Teams of Dubai Police and members of the municipality, along with animal welfare officers, have been at task to capture the animal, which has been on the prowl for over a day now.
A veteran animal expert has explained that the elusive creature could possibly be a black leopard, which is known to be a mysterious cat. With a rare variation of the carnivore's generally spotted coat, it is said to be able to blend into the shadows and be nearly invisible in the dark.
Former head of Dubai Zoo and principal wildlife specialist at Dubai Safari and Dubai Municipality, Dr Reza Khan said, “I think it’s a black leopard — and not a jaguar or a black panther as is being reported."
The UAE does not allow such wild animals to be kept as pets unless people procure special permits, he noted. "Such animals are not affected by the heat and will not attack anyone out of hunger, but they can do so out of fear. That’s because, except for the persons who are known to the animal, everyone else are like aliens to it. Although it is illegal to keep wild animals as household pets, I believe exceptions are made for anyone who has official authorisation. ”
While the government has legislated against keeping these animals captive, many feel there should be a severe punishment if one keeps wild animals that can jeopardise the lives of others living in communities.
In light of this, affected residents in the Springs community have been calling for tougher laws to prevent private ownership of such animals.
However, while fear and worry have gripped many, several other residents are equally concerned about the well-being of the animal that is outside of its known habitat.
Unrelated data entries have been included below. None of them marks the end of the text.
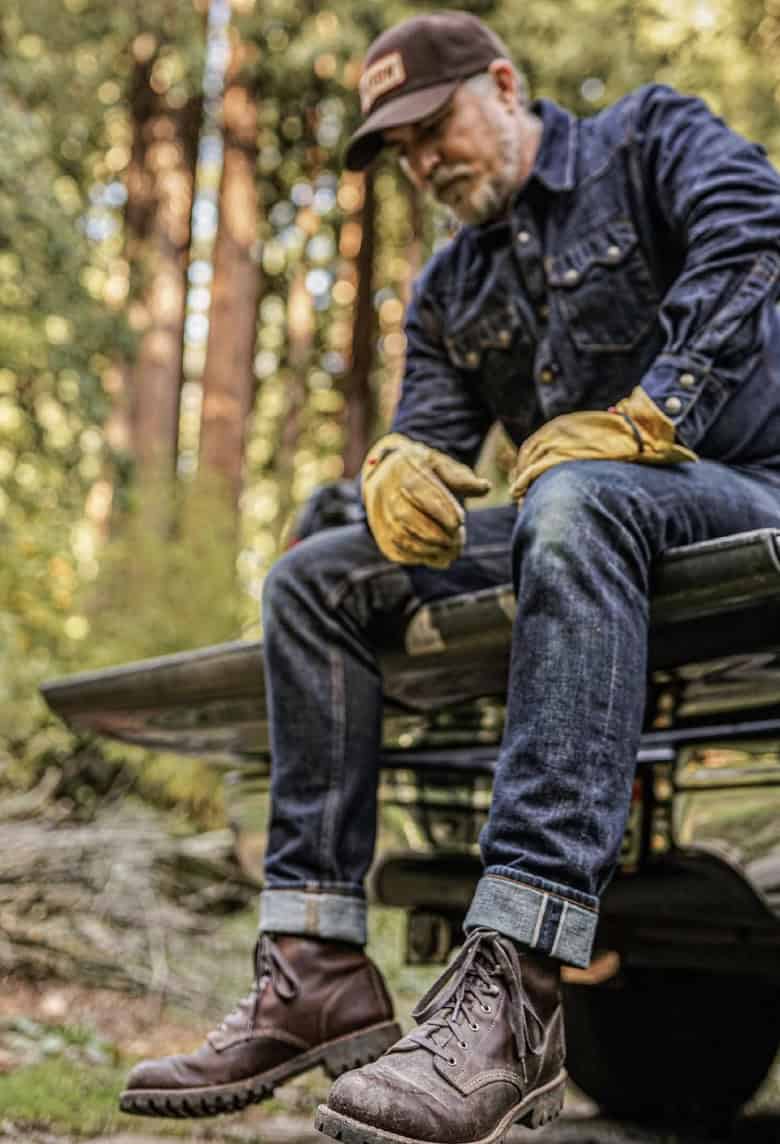 Man sitting on the back of a truck, wearing double denim and Wolverine boots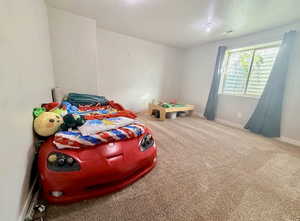 Bedroom featuring light colored carpet and a textured ceiling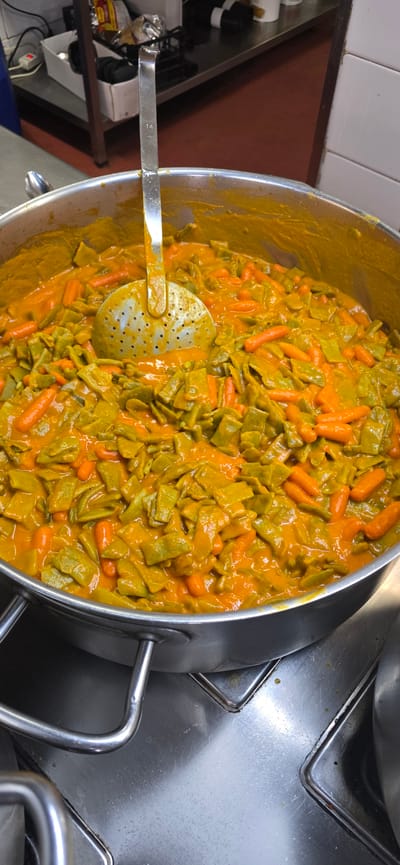 This media file captures a close-up, overhead view of a large pot filled with a vibrant, orange-hued stew containing green, flat beans and small, whole carrots. A metal ladle with numerous perforations rests partially submerged in the stew, suggesting it is being served or prepared. The pot itself is made of stainless steel and appears to be in a professional kitchen environment, indicated by the surrounding stainless steel surfaces and tiled walls.

The lighting suggests it could be daytime, given the brightness of the scene, though no direct sunlight or specific time of day cues are evident. The setting is likely a commercial kitchen or catering establishment.

Visible text is limited to a small "14" stamped on the metal handle of the ladle. There are no people visible in the frame. The overall impression is one of a hearty, freshly prepared dish ready to be served. The context provided, "Sallent de Gállego, Spain," places this scene in a specific geographic location, hinting at local cuisine.
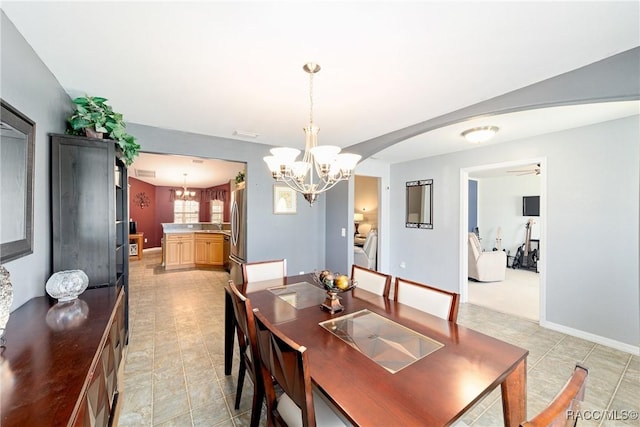 dining room featuring an inviting chandelier, light tile patterned floors, and arched walkways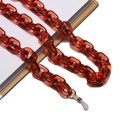 Dettaglio catena per occhiali in acrilico ambrato con connettori in silicone bianco - Marrone/Ambra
Taking to social media, they have been posting messages expressing deep concern for the creature.
An expat named LK said, “Hopefully, the poor thing is safe.”
Another user AC said, “Poor animal. It’s not his fault at all…Hope they have a safe rescue for him.”
“The poor animal must be getting more and more tired and frustrated,” opined AS.
“But it’s not the animal’s fault… a careless handler probably”, said another online user.
Earlier, in 2016, a young lioness escaped from her owner. She was subsequently captured by a team of Dubai Municipality animal welfare officers at the Al Barsha neighbourhood in less than three hours.